-- Input data follows --
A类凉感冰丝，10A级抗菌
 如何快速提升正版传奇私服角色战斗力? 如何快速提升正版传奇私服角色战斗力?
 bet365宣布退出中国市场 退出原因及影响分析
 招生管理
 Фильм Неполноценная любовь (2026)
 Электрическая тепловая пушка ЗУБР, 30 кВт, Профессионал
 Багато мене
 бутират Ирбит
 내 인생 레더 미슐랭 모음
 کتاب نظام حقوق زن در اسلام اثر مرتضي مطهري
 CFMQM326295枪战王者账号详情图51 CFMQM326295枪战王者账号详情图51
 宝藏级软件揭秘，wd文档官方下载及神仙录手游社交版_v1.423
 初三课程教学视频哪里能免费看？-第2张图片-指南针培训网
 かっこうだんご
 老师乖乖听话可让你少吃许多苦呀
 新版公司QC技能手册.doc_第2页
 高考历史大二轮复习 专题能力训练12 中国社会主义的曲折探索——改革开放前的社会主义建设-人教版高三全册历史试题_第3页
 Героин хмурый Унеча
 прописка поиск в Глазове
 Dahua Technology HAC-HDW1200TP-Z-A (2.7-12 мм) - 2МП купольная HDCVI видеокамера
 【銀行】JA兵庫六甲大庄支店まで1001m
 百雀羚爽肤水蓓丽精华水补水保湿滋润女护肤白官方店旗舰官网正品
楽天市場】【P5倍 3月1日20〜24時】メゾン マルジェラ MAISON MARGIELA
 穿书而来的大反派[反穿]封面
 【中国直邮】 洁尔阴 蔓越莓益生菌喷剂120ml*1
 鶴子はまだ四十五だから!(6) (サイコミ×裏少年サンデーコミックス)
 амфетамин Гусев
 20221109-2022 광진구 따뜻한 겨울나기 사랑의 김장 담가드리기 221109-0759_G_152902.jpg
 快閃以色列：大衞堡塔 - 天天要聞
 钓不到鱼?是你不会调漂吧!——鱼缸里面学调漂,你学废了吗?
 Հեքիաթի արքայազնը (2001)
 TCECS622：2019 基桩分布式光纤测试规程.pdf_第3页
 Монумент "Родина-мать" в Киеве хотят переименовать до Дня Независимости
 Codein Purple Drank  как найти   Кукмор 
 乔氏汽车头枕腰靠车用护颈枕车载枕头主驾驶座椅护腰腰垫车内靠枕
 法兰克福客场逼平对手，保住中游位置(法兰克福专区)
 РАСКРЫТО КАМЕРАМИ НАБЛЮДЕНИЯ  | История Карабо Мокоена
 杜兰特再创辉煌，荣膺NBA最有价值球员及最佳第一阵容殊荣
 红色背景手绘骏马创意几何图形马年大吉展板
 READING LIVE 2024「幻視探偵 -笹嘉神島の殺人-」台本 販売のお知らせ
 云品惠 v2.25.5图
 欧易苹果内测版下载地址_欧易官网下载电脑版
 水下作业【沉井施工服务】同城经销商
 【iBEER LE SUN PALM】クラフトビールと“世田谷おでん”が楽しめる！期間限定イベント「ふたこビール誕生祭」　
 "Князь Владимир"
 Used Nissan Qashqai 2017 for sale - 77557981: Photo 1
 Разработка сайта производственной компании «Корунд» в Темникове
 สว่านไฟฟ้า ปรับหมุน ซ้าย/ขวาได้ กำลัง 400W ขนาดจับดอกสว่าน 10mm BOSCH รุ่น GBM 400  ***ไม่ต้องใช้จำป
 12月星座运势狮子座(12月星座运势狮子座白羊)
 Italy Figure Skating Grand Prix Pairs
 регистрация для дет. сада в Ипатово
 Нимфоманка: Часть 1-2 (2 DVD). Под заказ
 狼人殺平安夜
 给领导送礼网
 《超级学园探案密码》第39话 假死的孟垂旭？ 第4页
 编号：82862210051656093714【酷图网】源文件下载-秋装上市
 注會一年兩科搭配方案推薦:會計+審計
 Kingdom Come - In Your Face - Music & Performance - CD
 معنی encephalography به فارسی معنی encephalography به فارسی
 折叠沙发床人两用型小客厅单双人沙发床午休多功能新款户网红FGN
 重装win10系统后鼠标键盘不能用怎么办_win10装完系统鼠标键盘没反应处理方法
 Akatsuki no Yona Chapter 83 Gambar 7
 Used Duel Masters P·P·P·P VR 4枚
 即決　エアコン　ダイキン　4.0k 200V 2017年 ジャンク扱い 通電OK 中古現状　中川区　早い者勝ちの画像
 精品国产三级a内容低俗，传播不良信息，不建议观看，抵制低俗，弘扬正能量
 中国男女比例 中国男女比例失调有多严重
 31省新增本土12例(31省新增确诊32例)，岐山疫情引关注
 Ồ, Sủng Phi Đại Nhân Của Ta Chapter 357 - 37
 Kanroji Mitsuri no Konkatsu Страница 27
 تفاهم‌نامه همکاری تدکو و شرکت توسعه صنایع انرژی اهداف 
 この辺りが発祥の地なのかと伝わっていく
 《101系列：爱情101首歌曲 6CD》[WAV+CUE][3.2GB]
-- Input data concluded --
:: Action item ::
Repeat exactly the lines above from the one with "Фильм Неполноценная любовь (2026)" up to and including the one with "прописка поиск в Глазове". No other line belongs in the reply.

:: Response area ::
 Фильм Неполноценная любовь (2026)
 Электрическая тепловая пушка ЗУБР, 30 кВт, Профессионал
 Багато мене
 бутират Ирбит
 내 인생 레더 미슐랭 모음
 کتاب نظام حقوق زن در اسلام اثر مرتضي مطهري
 CFMQM326295枪战王者账号详情图51 CFMQM326295枪战王者账号详情图51
 宝藏级软件揭秘，wd文档官方下载及神仙录手游社交版_v1.423
 初三课程教学视频哪里能免费看？-第2张图片-指南针培训网
 かっこうだんご
 老师乖乖听话可让你少吃许多苦呀
 新版公司QC技能手册.doc_第2页
 高考历史大二轮复习 专题能力训练12 中国社会主义的曲折探索——改革开放前的社会主义建设-人教版高三全册历史试题_第3页
 Героин хмурый Унеча
 прописка поиск в Глазове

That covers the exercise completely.